Amid Surge, County Updates Indoor Mask Rules
In response to an alarming spike in COVID-19 cases among unvaccinated individuals, the Los Angeles County Department of Public Health (Public Health) has updated its masking policy. Starting at 11:59 p.m. on July 17, all people regardless of vaccination status must wear face coverings indoors. This will supersede the county’s former policy, which only recommended face masks indoors.
About two weeks ago, Dr. Sam Torbati noticed a change in the number of patients coming into the Cedars-Sinai emergency room with COVID-19. For several months up until that point, the hospital saw one, maybe two infected patients a day—a welcome far cry from the city’s peak in the winter. Now, the hospital admits anywhere from seven to 15 cases.
“We have a Delta variant that’s highly contagious, we have a lot of people engaging in activities that put them in close proximity to each other, and we have a bunch of unvaccinated people that are great hosts. The environment right now is primed for another huge wave,” . Torbati, co-chair and medical director of the Cedars-Sinai emergency department, told the Courier. On July 14, the Los Angeles County Department of Public Health (Public Health) confirmed 1,315 new cases of COVID-19, marking the sixth consecutive day of more than 1,000 cases. Hospitalizations reported that same day rose to 398 from 275 the week before—a nearly 45% increase. All hospitalizations in county-run hospitals involve people who have not been fully vaccinated.

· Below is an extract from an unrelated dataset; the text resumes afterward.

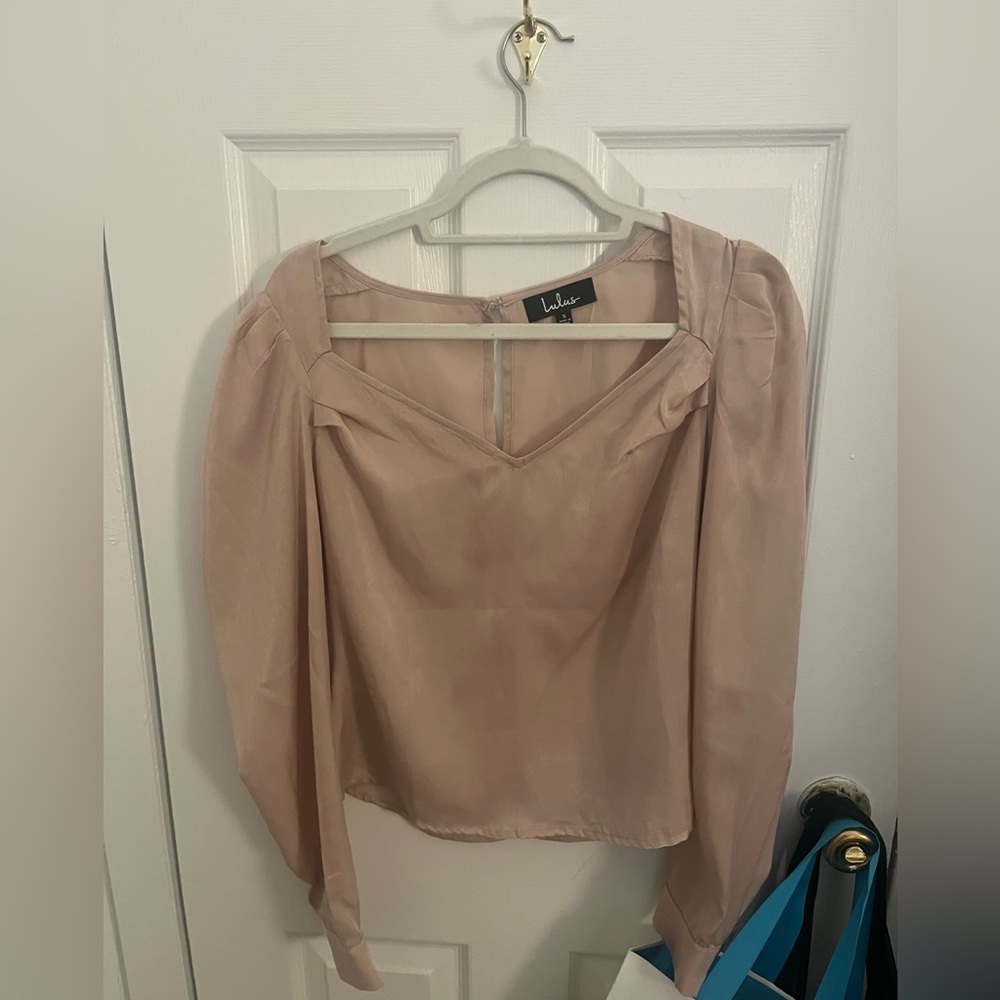 Lulu’s pale pink blouse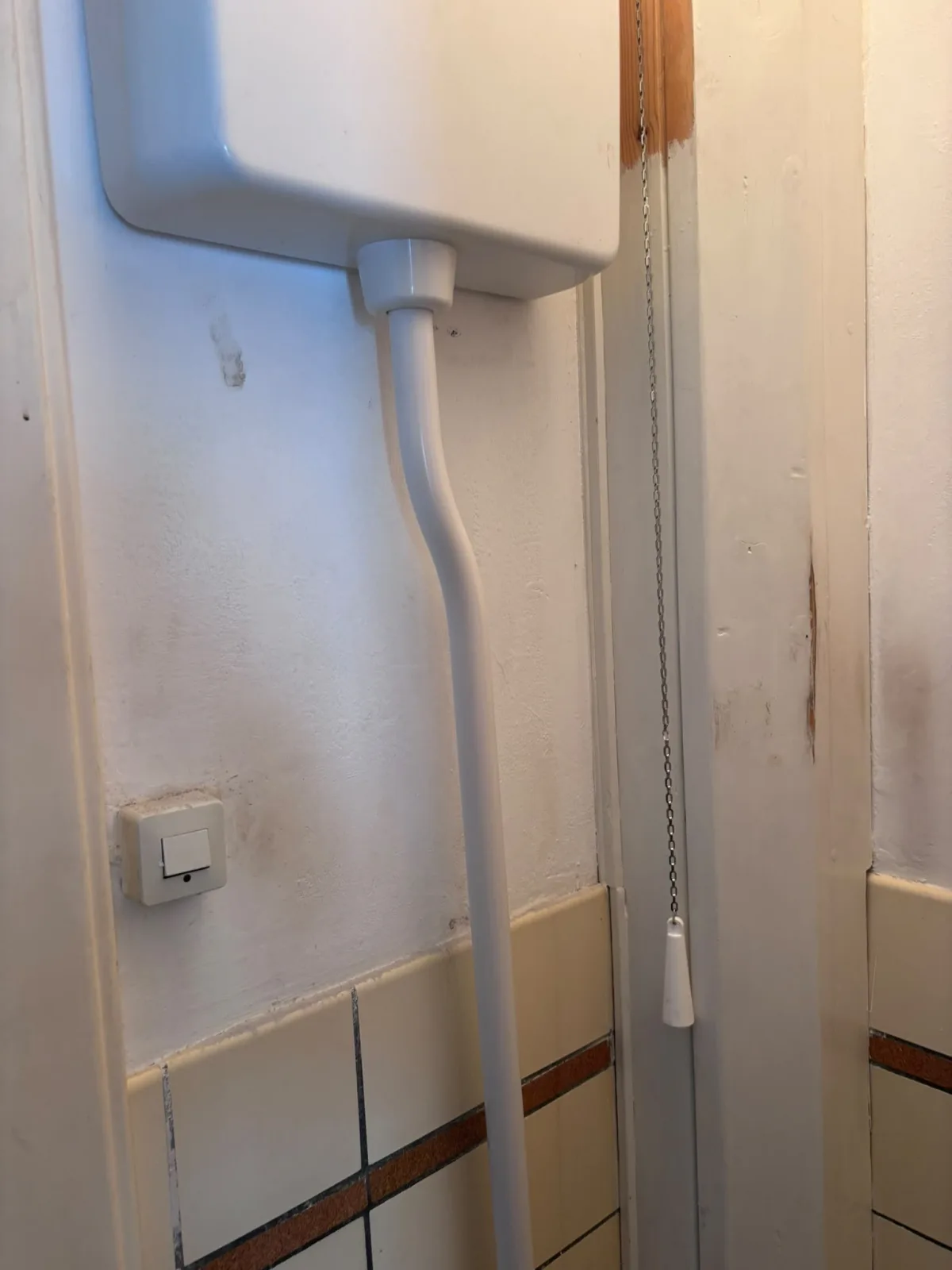 Verhoogd toiletreservoir met afvoerbuis, lichtknop en vlekken/vochtsporen op muur.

Of all the patients coming into the Cedars-Sinai emergency department, Dr. Torbati says “well over 95%” are unvaccinated. Most of them are also younger than in previous upticks.
Currently, 61% of eligible county residents 16 and older have received their full vaccination. Beverly Hills boasts one of the highest rates of vaccinations with 76% of those over 16 having received at least one dose. Still, this leaves millions of Angelenos unvaccinated, including 1.3 million children under 12 who cannot yet get the vaccine.
Director of Public Health Dr. Barbara Ferrer has urged unvaccinated people to become vaccinated if they can. “If you are not vaccinated, consider getting your vaccination now to increase protection for you and for those who can’t be vaccinated. Wearing a face mask when the vaccination status of the people you are around is unknown can help prevent transmission. The best way to reduce your risk of infection and, if infected, serious illness from COVID-19 is to be fully vaccinated against it,” she said on July 14.
Torbati said that shaming unvaccinated people does little to persuade them. Instead, he emphasizes the safety of the vaccines and the moral responsibility of protecting others around you.
“It’s important for the unvaccinated population just to understand that we have an incredible amount of data on the vaccines available in the United States. They’re incredibly safe,” he said.
The message is: please protect yourself, protect your loved ones, and please help us in the scientific and medical community to put a stop to what may be another wave of very significant disease activity.”